[Date Prev][Date Next][Thread Prev][Thread Next][Date Index][Thread Index]

Re: SRFI withdrawn; comments on the possible future

This page is part of the web mail archives of SRFI 75 from before July 7th, 2015. The new archives for SRFI 75 contain all messages, not just those from before July 7th, 2015.




On Thu, 25 May 2006, Matthew Flatt wrote:

>Straightforward additions
>-------------------------
>
>    * `char-general-category', which accepts a character and returns one
>       of 'lu, 'li, ...

Requires big tables.  Library rather than core, I hope.

>    * `string-normalize-nfd', `string-normalize-nfkd,
>      `string-normalize-nfc', and `string-normalize-nfkc', which each
>      accept a string and produce its normalization according to normal
>      form D, KD, C, or KC, respectively.

Buh.  I'd really rather keep the normalization form as
part of the port abstraction.  A string, internally, is
characters, full stop.  You produce a normalization form
by writing it on a port that is defined in terms of that
normalization form.  Or you produce whatever the internal
representation is by reading it from a port defined in
terms of that normalization form.

These routines might be useful for converting strings to
particular kinds of binary blobs or vice versa, but IMO
they're not necessary.

>The #\newline character
>-----------------------
>
>It is likely that #\newline will be removed from Scheme leaving only
>#\linefeed. Since R6RS will pin down characters to Unicode scalar
>values, the right name for the character is #\linefeed.

This seems sudden.  I'd rather see #\newline deprecated for one
report version before removal, or ...

>Another view is that #\newline can serve as
>an abstaction of the end-of-line character sequence which is returned
>by read-char when the end-of-line character sequence is read (be it
>#\linefeed, or #\return, or # \return followed by #\linefeed).

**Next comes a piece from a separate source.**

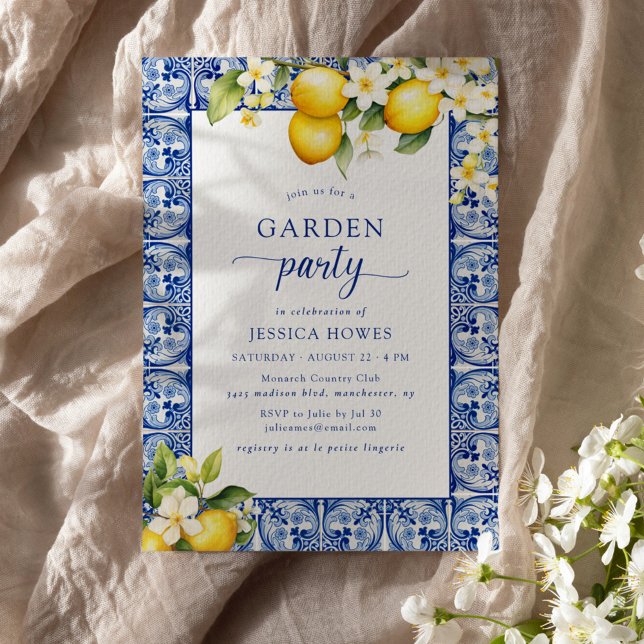 Invitación Fiesta Jardín Ducha de Novias Azul y Lemons (Subido por el creador)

>To tighten up the set of characters allowed in a symbol, those with
>Unicode general category Ps, Pe, Pi, Pf, Zs, Zp, Zl, Cc, or Cf will be
>disallowed in a symbol's external unquoted representation. That is,
>paired punctuation, whitespace, controls, and format characters will be
>disallowed.

Reasonable, I think.  Paired punctuation in particular creates a
class of lexemes that can be used for external representation of
user-defined or implementation-defined types.

>Meanwhile, the symbol escapes are similar yet not identical to the
>escapes in strings and characters, so there is a potential for mistakes
>if the programmer is not careful. For example one might expect a\nb to
>be a valid symbol, but it is an error. Also, #\x03BB; without the
>leading hash may surprise a programmer by reading as a symbol, rather
>than producing a lexical error. Finally, syntax-highlighting and cursor
>motion commands (such as M-C-b in emacs) may be difficult to arrange in
>some editors, due to the semicolon escape terminator.

I think the semicolon is a bad choice for an escape terminator
given its use as a comment initiator.  It makes programming
syntax-highlighting modes very context-dependent and hairy,
and lexical handling of programs similarly context-dependent
and hairy.  I would suggest the colon instead.

Whatever format is chosen for escaping unicode characters into
source, I hope that it is possible to run ASCII source through
a "dumb" formatter that just finds instances of valid unicode
escape sequences and replaces them with unicode codepoints when
outputting source.  By "dumb" I mean that it shouldn't have to
keep track of context.  The same escape sequence, if possible,
should mean exactly the same thing whether it appears in a string,
a symbol, a comment, or a character constant.  This also gives
an advantage in parsing, because unicode source can be run through
a dumb formatter to become ascii source, even if the programmer
never sees the ascii source - which gives you the ability to use
fast lexers with small tables and fast algorithms.

So, assuming we pick something like \XXX: as a unicode escape,
where XXX is a variable-length hexadecimal string and colon is a
terminator, this becomes easy:  ASCII representation of Unicode
character syntax is a bit funny-looking, #\\XXX:  but the \XXX:
sequence escapes into strings, comments, and symbols exactly
the same, you don't have to lex first in order to know what
bits are unicode escapes, and you can easily convert ascii to
unicode source and back again with a dumb context-insensitive
formatting program that does nowhere near as much work as lexing.

					Bear